- **RAW DATA**:
= Beginning of Section =

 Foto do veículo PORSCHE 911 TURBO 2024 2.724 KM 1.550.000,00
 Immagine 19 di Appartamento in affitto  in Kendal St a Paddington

= End of Section =
= Beginning of Section =

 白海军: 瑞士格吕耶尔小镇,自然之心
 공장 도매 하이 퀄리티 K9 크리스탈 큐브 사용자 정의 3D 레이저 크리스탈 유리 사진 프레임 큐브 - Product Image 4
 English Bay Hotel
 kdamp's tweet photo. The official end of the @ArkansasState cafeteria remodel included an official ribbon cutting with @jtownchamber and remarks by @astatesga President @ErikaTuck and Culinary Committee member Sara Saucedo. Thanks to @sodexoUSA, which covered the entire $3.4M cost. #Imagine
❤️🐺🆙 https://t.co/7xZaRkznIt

= End of Section =
= Beginning of Section =

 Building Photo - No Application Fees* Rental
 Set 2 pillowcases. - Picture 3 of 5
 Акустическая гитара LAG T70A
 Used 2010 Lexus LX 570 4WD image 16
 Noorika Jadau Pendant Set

= End of Section =

- **TASK INSTRUCTIONS**: From the line holding "Building Photo - No Application Fees* Rental" to the line holding "Noorika Jadau Pendant Set", inclusive, restate each line above exactly as written.

- **WRITTEN RESPONSE**:
 Building Photo - No Application Fees* Rental
 Set 2 pillowcases. - Picture 3 of 5
 Акустическая гитара LAG T70A
 Used 2010 Lexus LX 570 4WD image 16
 Noorika Jadau Pendant Set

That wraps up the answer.